Posted 07 December 2010 - 05:55 PM
I picked up a piece of pvc 1X4X8 today so I will have to work on a design. The board I bought is 3/4 thick and has a glossy finish all of the way around, so I sand all sides and it all came off easy. ( wasn't sure if it was a skin that had to be cut off) I cut a 1" strip off of the board and sat it in water to see the buoncy of it. The piece floated with about half out of the water.
I said all of that to ask this, Does this sound like the correct material to make cranks out of?
BobP, That sounds like a good idea. Now I will have to find some circuit board and other hardware that I will need. Do you make your own hardware or do you buy screw eyes?
I believe I read that superglue works best for glueing pvc together, but what do you use to glue in the lips and and screw eyes?
Thanks for all of the help.
Posted 08 December 2010 - 08:47 AM
I do not attach my line ties to my crank lips, so I don't need the same strength for attaching them.
If I did, I'd use D2T.
For my lures, I use gap filling crazy glue to attach my lips, and to coat my screweyes before I run them in for the final time. There is an accelerant in a spray bottle I bought that sets up the glue fast once the bill is positioned correctly.
Edited by mark poulson, 08 December 2010 - 08:49 AM.
Posted 08 December 2010 - 11:09 AM
You can get yellow 1/32" (.031") G10 circuit board (aka Garolite) from mcmaster.com. They also carry a green G11 circuit board for a little more money. McMaster-Carr also sells polycarbonate (aka Lexan) and various types of wire at decent prices. Many guys go with store bought screw eyes and I'm sure they'll hold fine in PVC. Personally, I prefer to hand twist screw eyes from .040" soft temper stainless steel wire that I also get from McMaster. It's called "Safety Wire" and comes in a 1/4 lb spool for $6-8. Lots easier to work than hard temper stainless and it's plenty strong enough for bass crankbaits. Hard temper stainless in .031 diameter also works.
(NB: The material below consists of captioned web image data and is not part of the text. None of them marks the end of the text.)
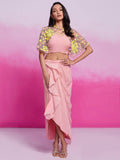 Astonishing Peach Organza Party Wear Crop Top Skirt With Cape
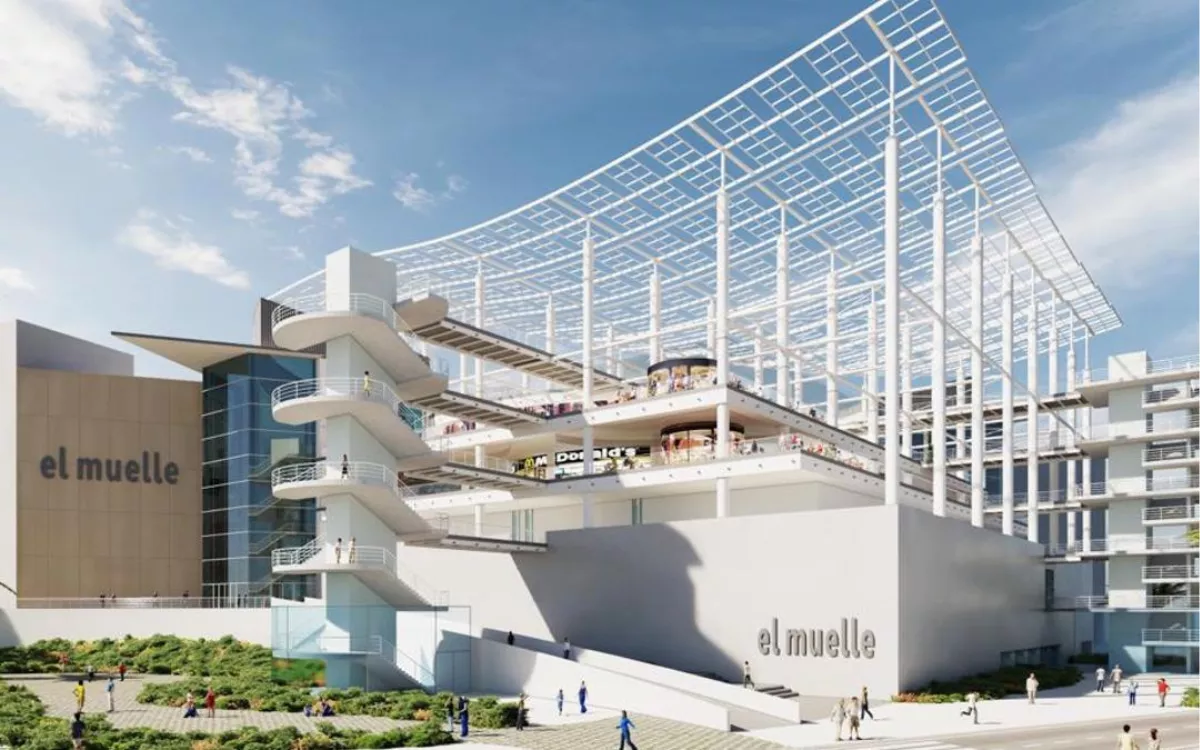 LIMBO: el nuevo cielo del ocio en Las Palmas de Gran Canaria. En la imagen, proyección del CC El Muelle tras su reforma. / AH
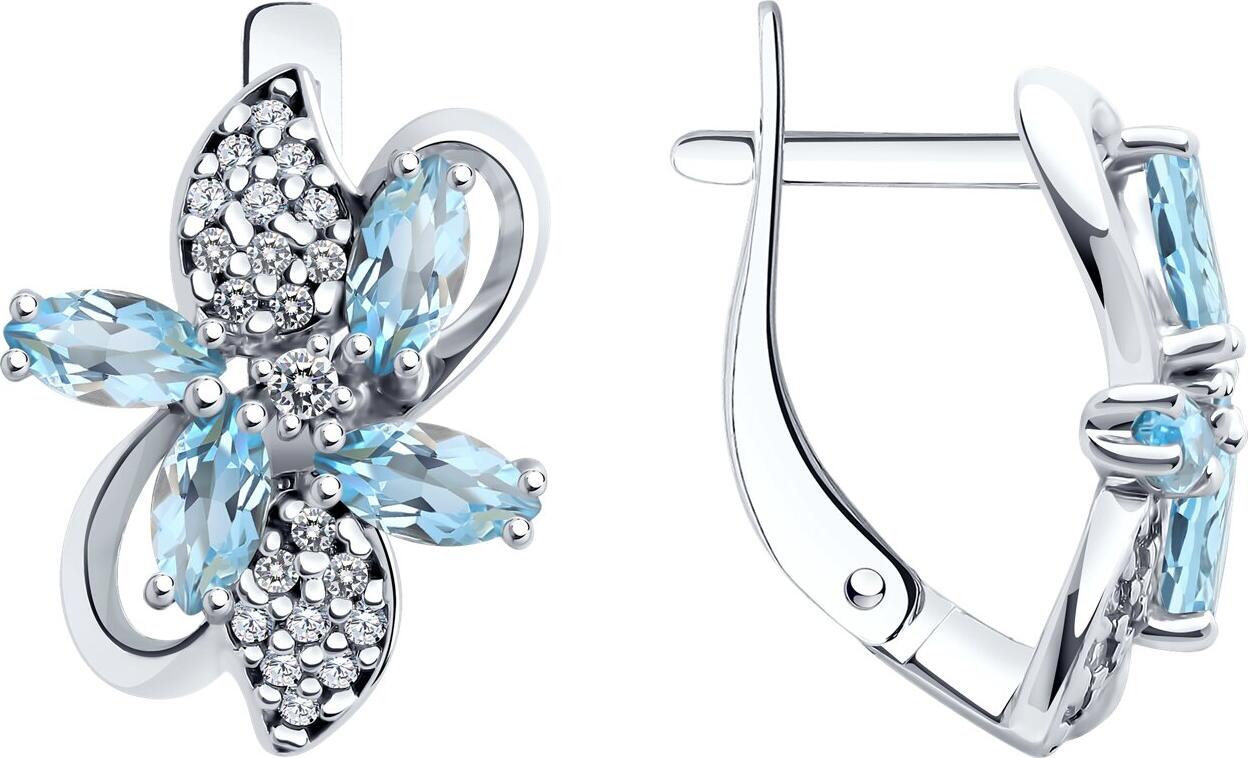 SOKOLOV 92022851 Women's Earrings, 925 Rhodium-Plated Silver, Topaz and Cubic Zirconia, Round Colorless Inserts, English Lock, 3.06g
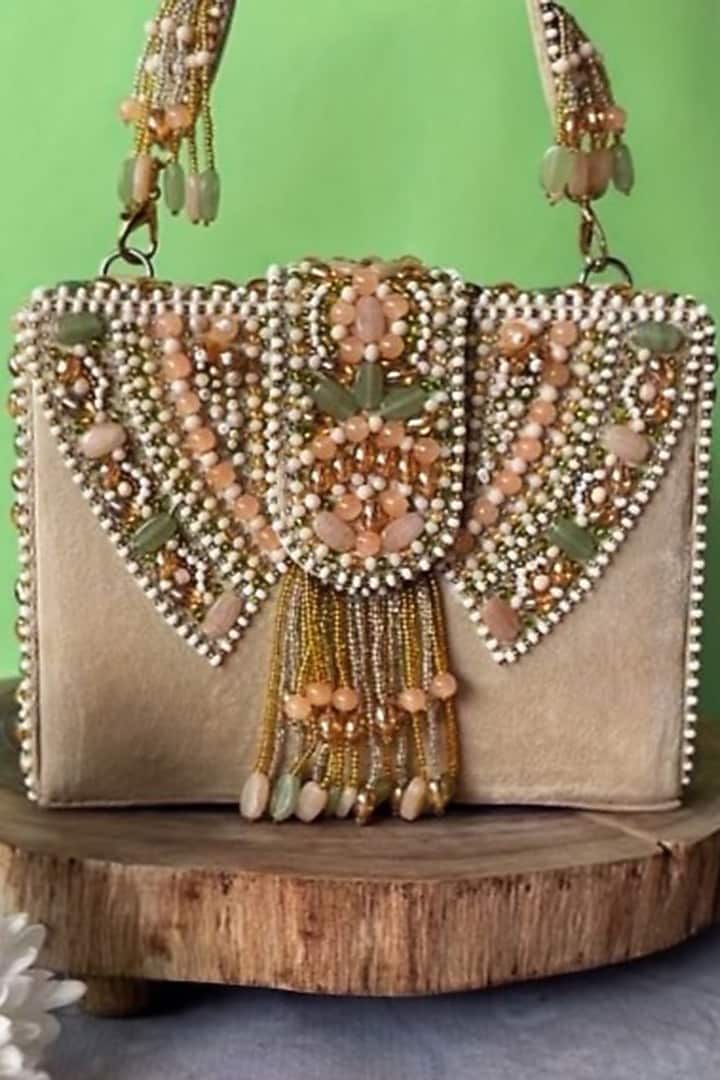 Ivory Suede Bead Embroidered Box Clutch by Nayaab by Sonia at Pernia's Pop Up Shop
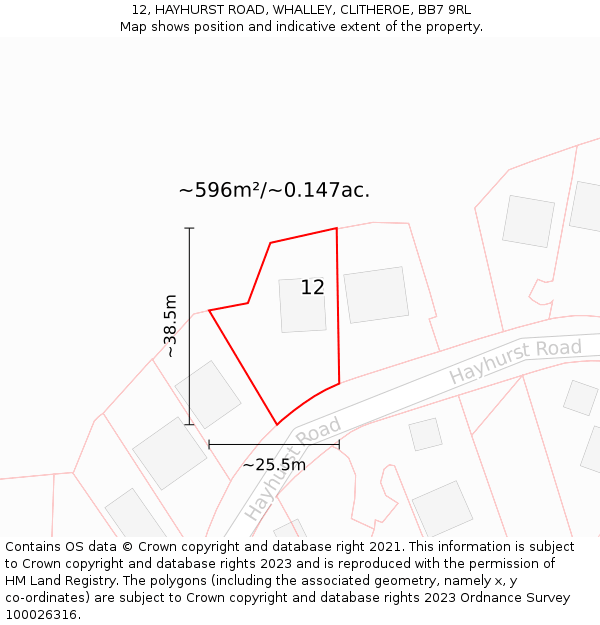 12, HAYHURST ROAD, WHALLEY, CLITHEROE, BB7 9RL: Plot and title map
If you'd rather not "roll your own" lips and hardware, you can buy both from Jann's Netcraft or other online sources.
I don't build from PVC so don't know about PVC-specific glues. I often use Devcon Two Ton 30 minute epoxy to glue in hardware/lips and as a clearcoat on the bait when I finish painting it. There are many options on clearcoats (probably the most discussed topic here on TU) . Use the search feature at the top of the page to explore hundreds of threads about them.